Menutup aurat merupakan salah satu dari syarat shalat. Seorang laki-laki, walaupun anak-anak, dan wanita budak, baik mukatab ataupun ummulwalad, wajib menutuo bagian anggota badannya antara pusat ampai lutut, walaupun di tempat yang sunyi dan gelap (shalat di tempat yang gelap dan sendirian). Hal ini berdasarkan hadis shahih yang menyatakan, “Allah tidak menerima shalat seseorang yang haid (telah baligh) kecuali dengan menutup kepalanya.”

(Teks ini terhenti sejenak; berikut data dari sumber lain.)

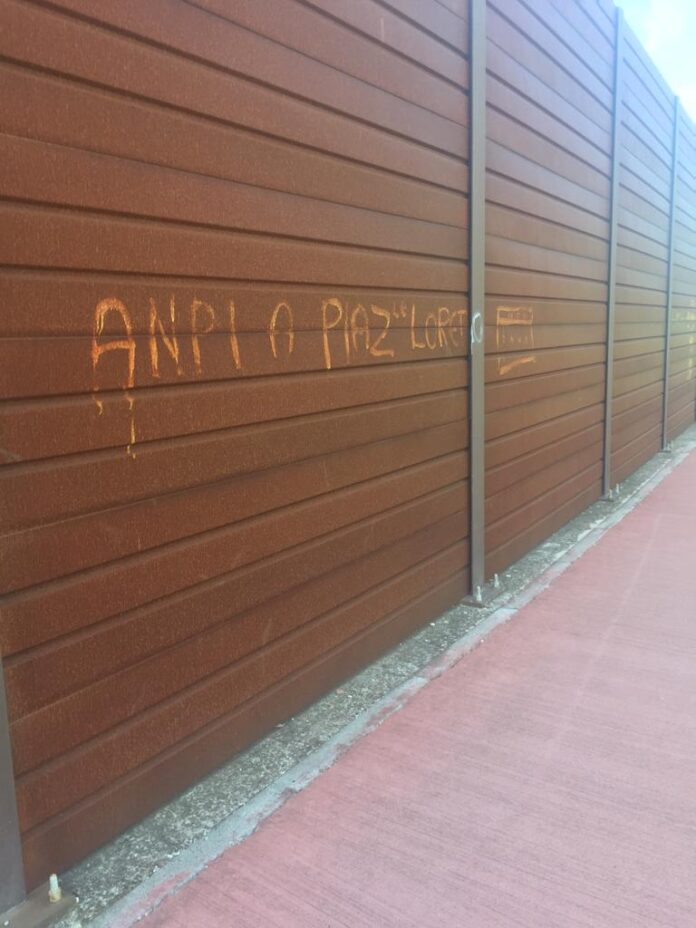 foto scritte nazii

Tetap wajib menutup sebagian lutut dan pusat supaya auratnya jelas tertutup. Sedangkan aurat bagi perempuan mereka, walaupun anak-anak, yaitu wajib menutup seluruh badan, selain muka dan kedua telapak tangan, yaitu punggung telapak tangan dan telapak kedua tangan sampai pergelangan, dengan penutup yang dapat menutup seluruh warna kulit dari pandangan umum (tidak terlihat kulitnya ketika berhadapan). Demikian pendapat Syeikh Ahmad bin Musa bin ‘Ujail.
Sebagai penutup aurat itu boleh menggunakan kain atau pakaian yang dapat memperlihatkan benuk tubuh (misalnya celana yang sempit), tetapi hukumnya khilaful aula (menyalahi kesempurnaan). Wajib menutup aurat bagian atas dan samping, namun tidak wajib menutup bagian bawah, yang demikian itu bagi laki-laki, perempuan, dan wanita budak yang mampu menutupnya.
Bagi orang yang tidak mempunyai kain penutup aurat, boleh shalat dengan telanjang dan tidak wajib mengulanginya walaupun dia memiliki penutup aurat yang mutanajis namun sukar membersihkannya, meskipun sampai menghabiskan waktu shalat (sehingga shalatnya harus diqadha).
Seandainya hanya bisa menutup sebagian aurat, maka wajib menutupnya dengan pakaian seadanya dan harus mendahulukan menutup qubul dan dubur. Jka tidak cukup maka qubul saja, kemudian baru dubur. Tidak boleh shalat sambil telanjang bila memiliki kain sutera, sebab mempergunakan kainsutera itu diperbolehkan bila keadaan darurat. (menurut kaidah ilmu fiqih, keadaan darurat memperbolehkan yang dilarang).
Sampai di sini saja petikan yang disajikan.